Signs and Symptoms of EDS. Loose, unstable joints that are prone to sprains, dislocations, subluxations (partial dislocations), hyperextension (double jointedness). Hypermobile joints cause pain, and sometimes the “cracking” or “popping” of them feels like it relieves the pressure.
Does Ehlers Danlos skip generations?
This person could then go on to have an affected child, which may make the disease appear to have skipped a generation. In reality, the altered gene did not skip a generation at all, but the symptoms of the disease were mild or went undetected so that it may have appeared to miss a generation.
Why are EDS patients called zebras?
According to the international Ehlers-Danlos Society, the reference to zebras is borrowed from a common expression heard in medicine: “When you hear hoofbeats behind you, don’t expect to see a zebra.” In other words, medical professionals are typically taught to look out for more-common ailments rather than testing for
Can you have EDS and not know it?
Many of those suffering from EDS are never diagnosed during their lifetimes. They suffer in pain for many years and die – still not knowing why they had the pain. EDS Awareness is critical! Only 5% of EDS patients are correctly diagnosed.
Can you live a normal life with EDS?
General: EDS affected persons can live like normal people; however, they may feel some constraints in their mobility. A person affected with vascular EDS is prone to serious fatal complications like tearing open of a main blood vessel or organ.
Is EDS classed as a disability?
If you have vascular or regular EDS with severe symptoms that prevent you from working, you may be able to get disability. Ehlers-Danlos can affect your skin, joints, and blood vessel walls; the syndrome is characterized by extremely flexible joints and very stretchy, fragile skin.
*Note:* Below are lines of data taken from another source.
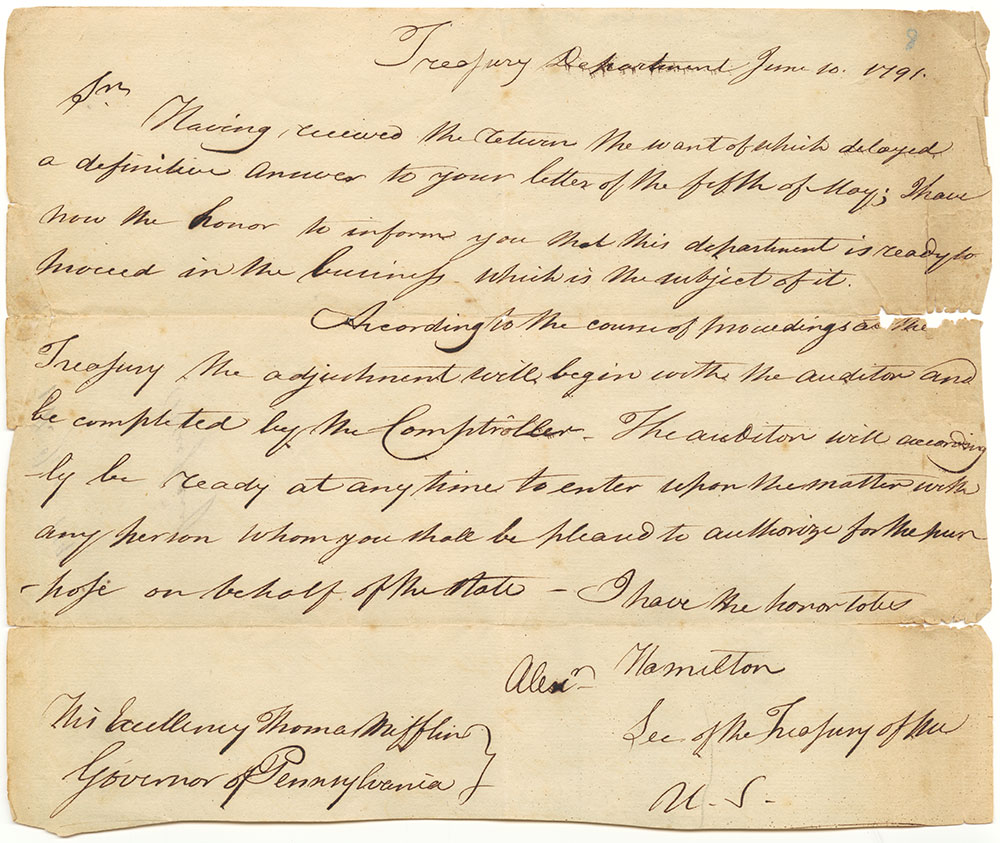 Autograph letter signed to Thomas Mifflin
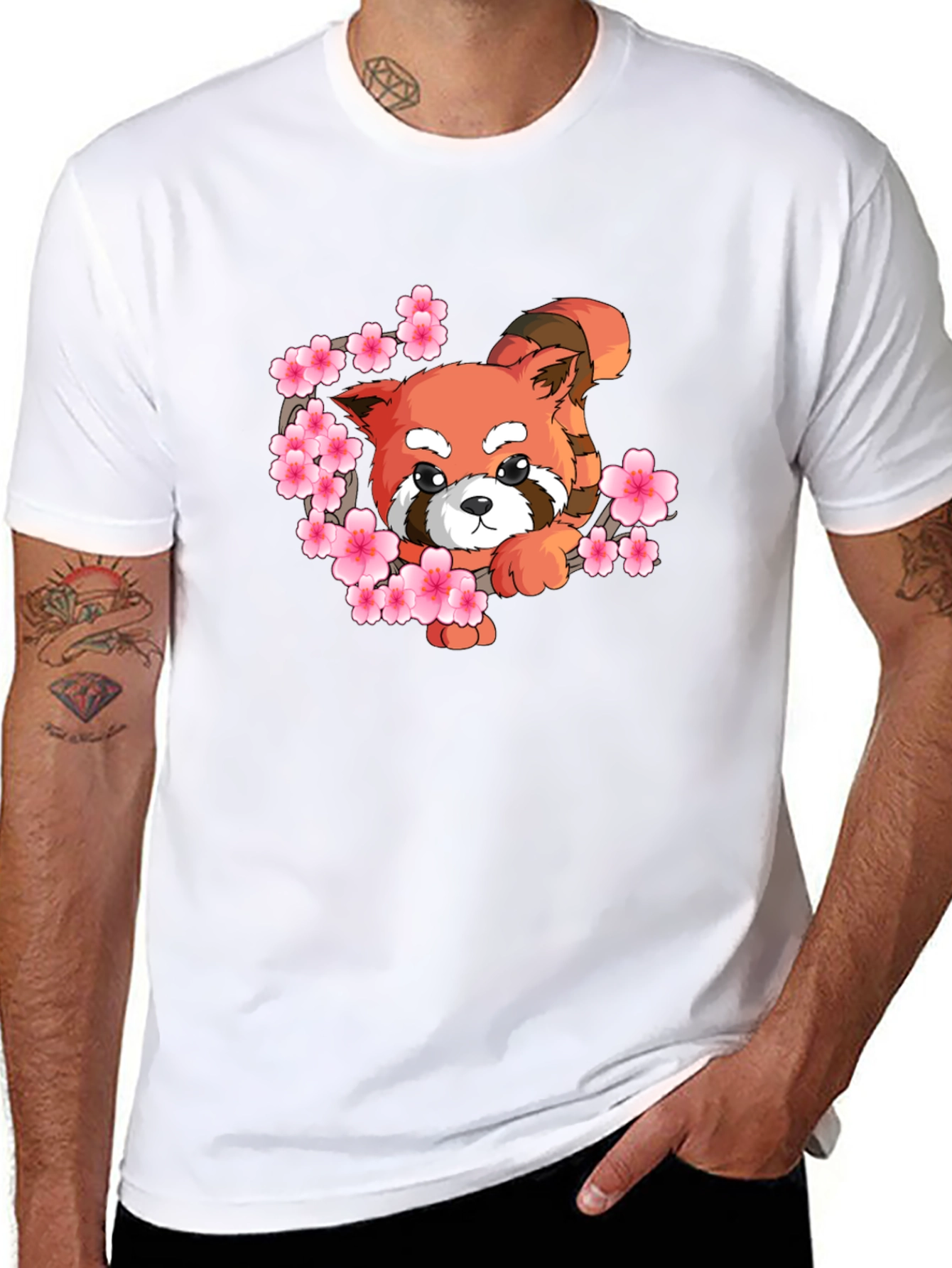 Cute Red Panda Blossom Graphic Tee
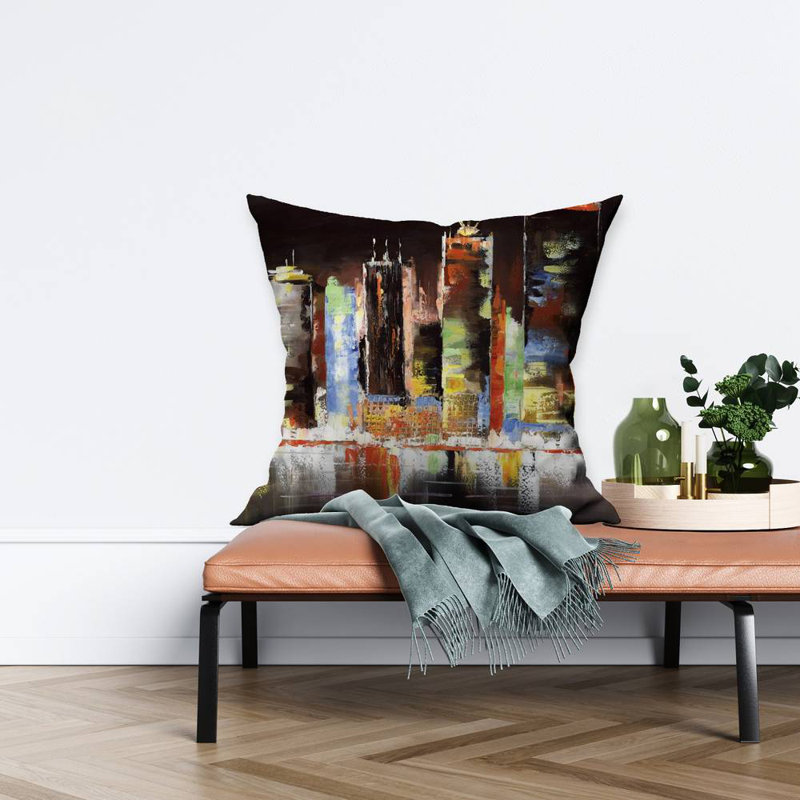 Cityscape by night - 20"x20" Outdoors Throw pillow - Spun poly - Print on demand, 20" H x 20" W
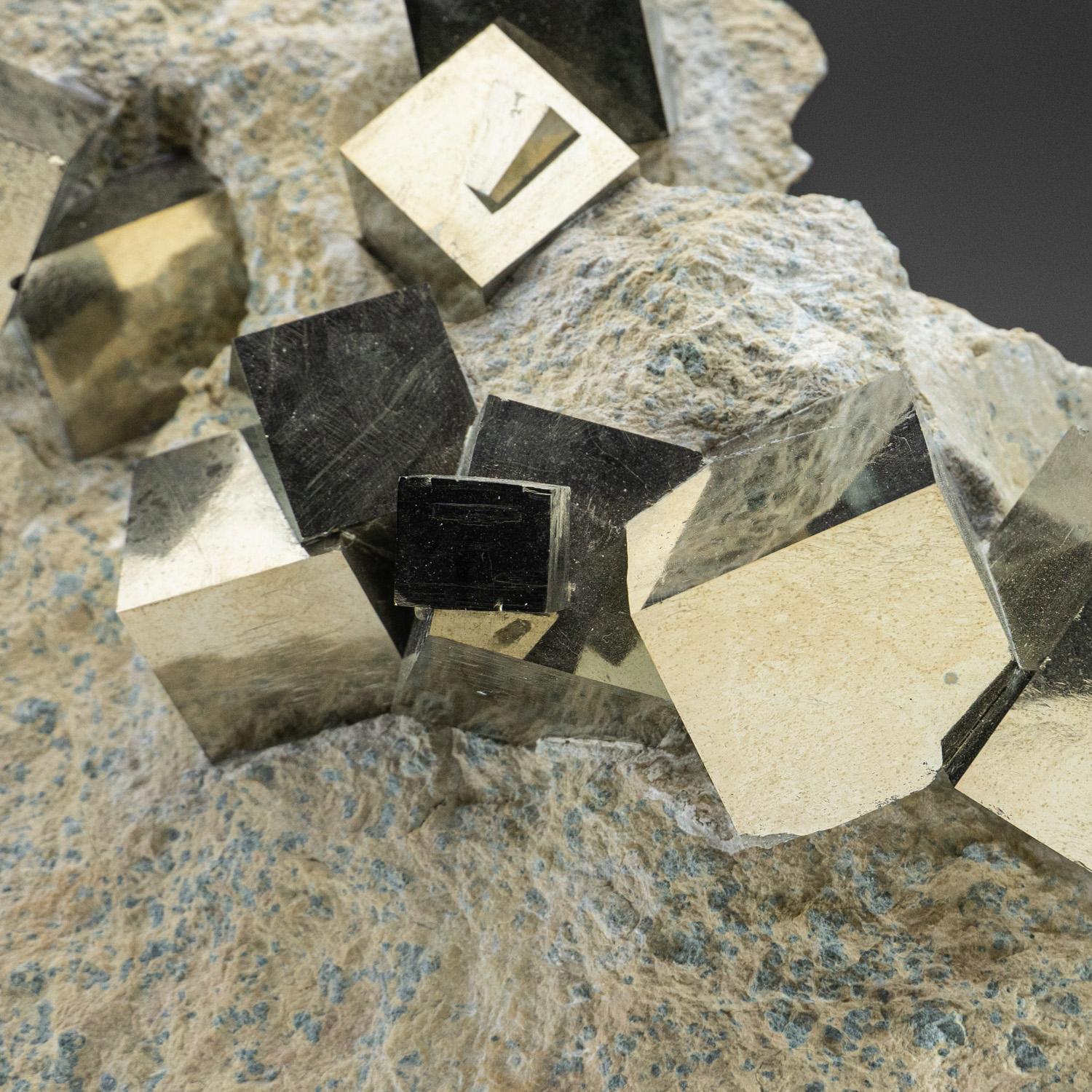 Pyrite Clusters on Basalt From Navajun, Spain In Excellent Condition In New York, NY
Is Ehlers Danlos inherited from mother or father?
Although in the majority of cases EDS is inherited from the parents, in rare cases, it can occur without any family history and due to new mutations occurring during development. EDS may be inherited in one of two ways: autosomal dominant and autosomal recessive.
Does EDS get worse with age?
Many of the problems associated with EDS are progressive, meaning that they get worse over time.